Authors' Affiliations: Department of Medical Oncology; Jerome Lipper Multiple Myeloma Center, Dana-Farber Cancer Institute; Harvard School of Public Health; Department of Pathology, Brigham & Women's Hospital; Department of Developmental Biology, Harvard School of Dental Medicine; Center for Advanced Orthopaedic Studies, Beth Israel Deaconess Medical Center, Boston, Massachusetts; and Experimental Therapies, H. Lee Moffitt Cancer Center, Florida; and Department of Bioinformatics, School of Life Science and Technology, Tongji University, Shanghai, China.
Cancer Res. 2014 Mar 15;74(6):1801-13. doi: 10.1158/0008-5472.CAN-13-3311-T. Epub 2014 Mar 5.
Wnt/β-catenin signaling underlies the pathogenesis of a broad range of human cancers, including the deadly plasma cell cancer multiple myeloma. In this study, we report that downregulation of the tumor suppressor microRNA miR-30-5p is a frequent pathogenetic event in multiple myeloma. Evidence was developed that miR-30-5p downregulation occurs as a result of interaction between multiple myeloma cells and bone marrow stromal cells, which in turn enhances expression of BCL9, a transcriptional coactivator of the Wnt signaling pathway known to promote multiple myeloma cell proliferation, survival, migration, drug resistance, and formation of multiple myeloma cancer stem cells. The potential for clinical translation of strategies to re-express miR-30-5p as a therapeutic approach was further encouraged by the capacity of miR-30c and miR-30 mix to reduce tumor burden and metastatic potential in vivo in three murine xenograft models of human multiple myeloma without adversely affecting associated bone disease. Together, our findings offer a preclinical rationale to explore miR-30-5p delivery as an effective therapeutic strategy to eradicate multiple myeloma cells in vivo.

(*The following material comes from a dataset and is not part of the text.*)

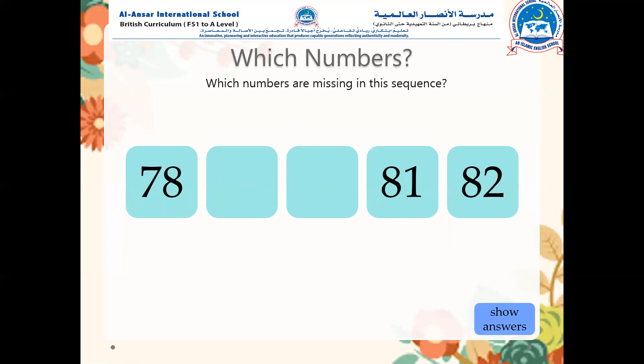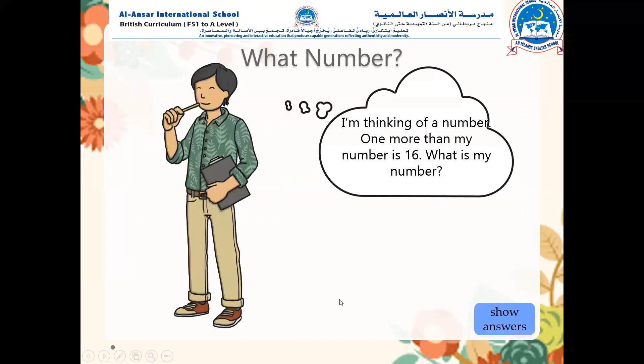Again, try to think and find the missing numbers. Seventy-eight, then — eighty-one, eighty-two. So the missing numbers are seventy-nine and eighty. Excellent. Well done.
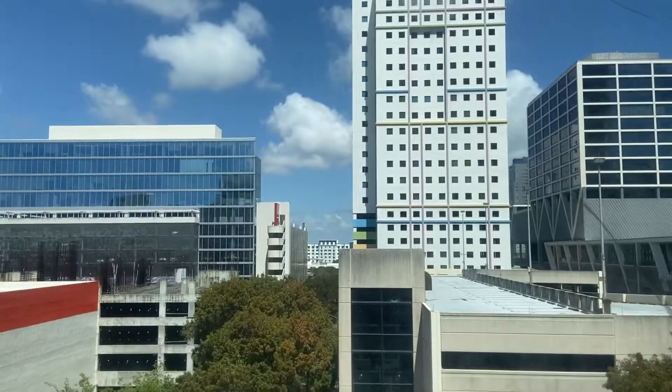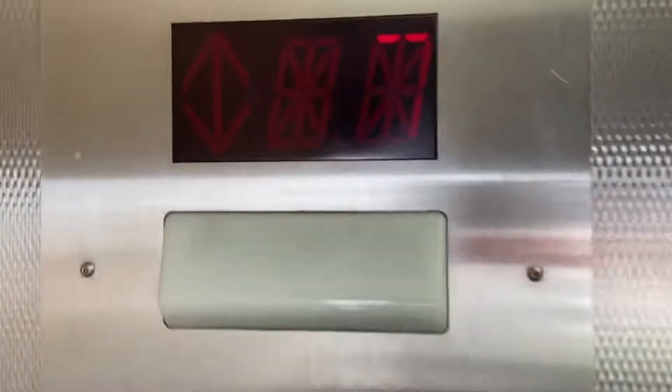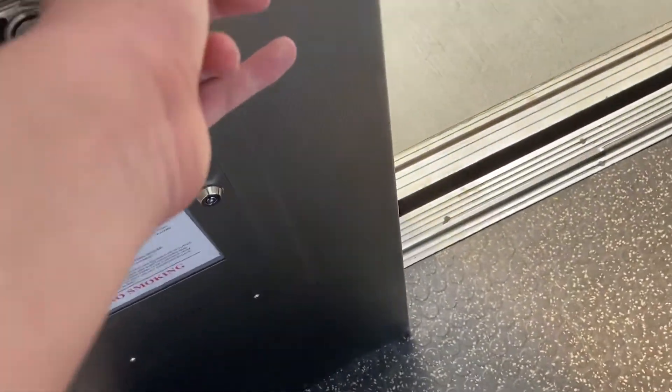The one building right across — that's the building I was just talking about. That one is public housing. I would have tried it. Yeah, why not?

Wnt/β-catenin 信号通路是广泛存在于人类癌症,包括致命的浆细胞瘤多发性骨髓瘤的发病机制基础。在这项研究中,我们报告了肿瘤抑制 microRNA miR-30-5p 的下调是多发性骨髓瘤的一种常见发病事件。有证据表明,miR-30-5p 的下调是多发性骨髓瘤细胞与骨髓基质细胞相互作用的结果,进而增强了 Wnt 信号通路转录共激活因子 BCL9 的表达,已知 BCL9 促进多发性骨髓瘤细胞的增殖、存活、迁移、耐药性和多发性骨髓瘤癌干细胞的形成。miR-30c 和 miR-30 混合物在三种人类多发性骨髓瘤的小鼠异种移植模型中具有减少肿瘤负担和转移潜力,而不影响相关的骨疾病,这进一步鼓励了将重新表达 miR-30-5p 作为治疗方法的策略用于临床转化的潜力。综上所述,我们的研究结果为探索 miR-30-5p 递送来作为一种有效的治疗策略以消除体内多发性骨髓瘤细胞提供了临床前依据。